For most retired Americans, their monthly Social Security check is an indispensable source of income. Based on annually conducted surveys over the course of more than two decades, no fewer than 80% of then-current retirees rely on their monthly benefit to help cover their expenses.

Given how important America's top retirement program is to the financial health of our nation's retired workers, workers with disabilities, and survivor beneficiaries, you'd think that ensuring the sustainability of the current payout schedule would be paramount. However, Social Security's foundation has been showing signs of cracking for decades.

Two Social Security cards set atop assorted fanned piles of cash bills.
Image source: Getty Images.

America's top retirement program has more than $22 trillion in long-term unfunded obligations

For more than eight decades, the Social Security Board of Trustees has released an annual report that takes an under-the-hood look at the program's finances, as well as examines its short-term (10-year) and long-term (75-year) outlook. These outlooks factor in ongoing demographic changes, as well as shifts in fiscal and monetary policy, to determine how sustainable the existing payout schedule is for current and future beneficiaries.

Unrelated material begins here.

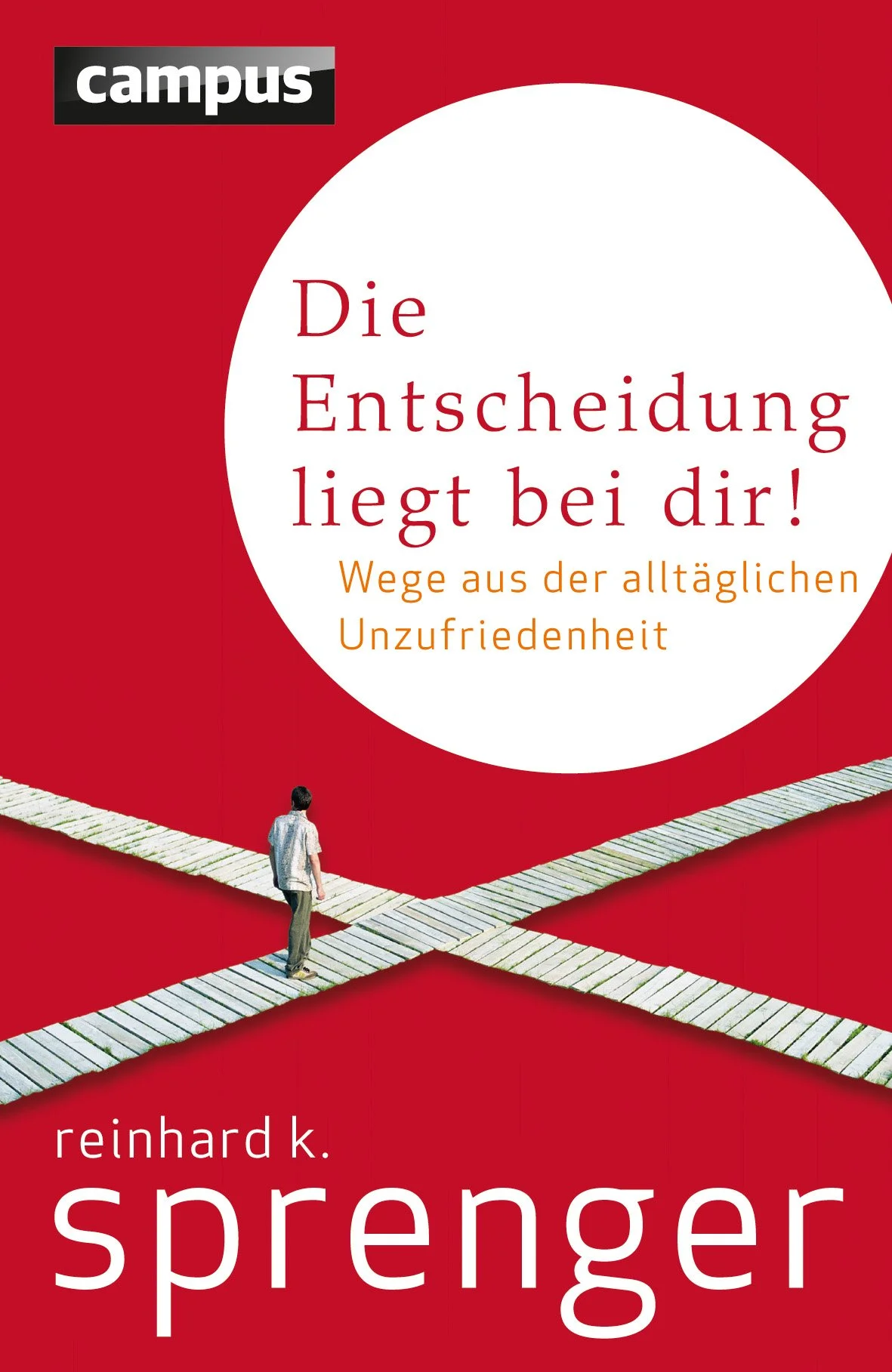 Das Buch mit dem Titel 'Die Entscheidung liegt bei dir! Wege aus der alltäglichen Unzufriedenheit' von Reinhard K. Sprenger. Das Cover ist rot mit einem weißen Kreis, in dem der Titel steht, und zeigt einen Mann, der auf einem Weg aus Holzplatten läuft.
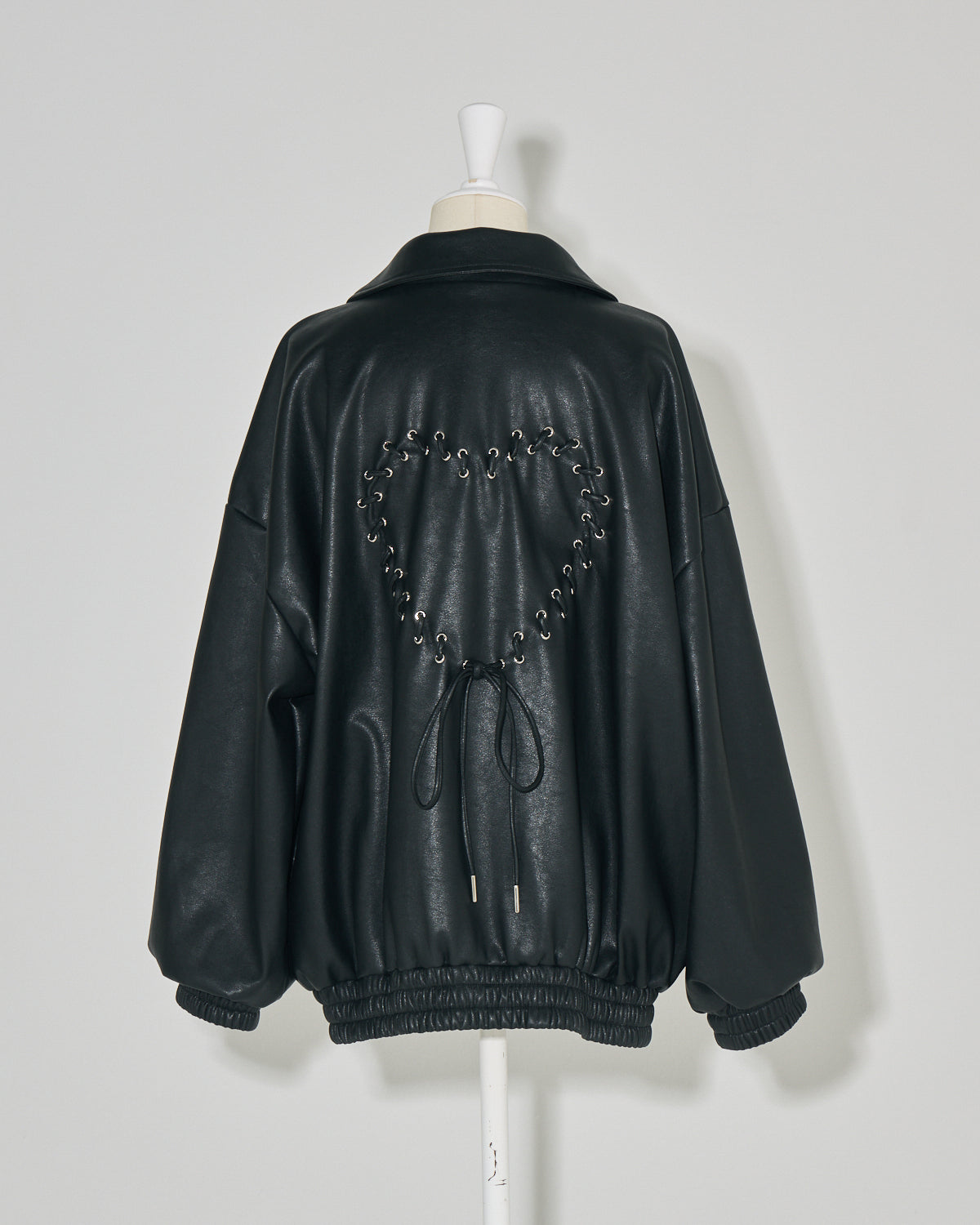 ハートレースアップレザージャケット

Every year since 1985, the Trustees Report has cautioned that Social Security would be facing some degree of long-term unfunded obligation. In simpler terms, forecast revenue collection in the 75 years following the release of a Trustees Report was not expected to cover projected outlays. As of 2023, the trustees estimate Social Security is contending with a $22.4 trillion funding shortfall through 2097.

To provide clarity, this doesn't mean Social Security is facing bankruptcy or insolvency. Rather, it means the current payout schedule, including annual cost-of-living adjustments (COLAs), can't be sustained, based on current projections. If the asset reserves of the Old-Age and Survivors Insurance (OASI) Trust Fund are exhausted by 2033, as the 2023 Trustees Report portends, retired workers and survivor beneficiaries could see their benefits reduced by up to 23%.

The blame for this predicament has nothing to do with Congress stealing Social Security's asset reserves, undocumented workers, or any other myths that may prevail on social media message boards. Rather, the bulk of Social Security's troubles can be traced to demographic changes.

The best example is the steady retirement of baby boomers from the labor force. While a boom in births following World War II pumped up Social Security's asset reserves during the 1990s and early 2000s, the retirement of these workers is now weighing heavily on the worker-to-beneficiary ratio.